Instandhaltung: Neben der Straßensanierung will die Stadt auch die Standfestigkeit von Stützmauern in dem Abschnitt untersuchen. Die Genehmigung für die zehn Meter tiefen Bohrungen liege bereits vor. Sie werden etwa eine Woche Einschränkungen auf dem nördlichen Gehweg bedeuten, so Klaus Hierl vom Stadtbauamt. Angedacht sei die Woche nach Pfingsten. Die Kosten liefen unter Instandhaltung. „Kein Bürger muss eine Rechnung fürchten“, so Hierl.
Dreitägige Vollsperre Ende Juni nötig
Abwasserzweckverband: Kürzlich ist ein Schaden in Kelheims Kanalisation bekannt geworden. Laut Thomas Ederer vom Abwasserzweckverband (AZV) muss in der Regensburger Straße nahe der Pumpstation ein defekter Schieber ausgetauscht werden. Weil der Zugang zur Schaden-Stelle nur über einen Gully auf der Regensburger Straße (im ersten Sanierungsabschnitt) möglich ist, werde vom 30. Juni bis 2. Juli eine Vollsperre nötig, so Ederer.

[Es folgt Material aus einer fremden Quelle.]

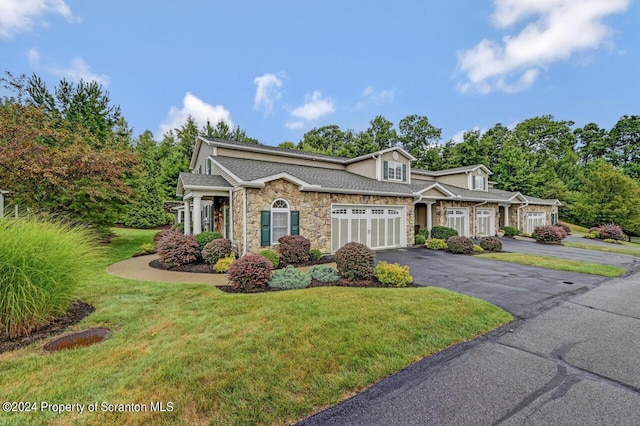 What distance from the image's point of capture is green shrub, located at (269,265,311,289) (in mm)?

Voraussetzung: Allerdings nur, wenn die Witterung trocken ist. Der Anliegerverkehr zur Tankstelle Niederl und zur Firma Huber bleibe frei. Es gehe nur um den oberen Teil, kurz vor dem Kosik-Abzweig. Mit schwerem Gerät müsse eine Absperrblase in den mannshohen Kanal gesetzt werden. Dann könne das defekte Teil ausgetauscht werden.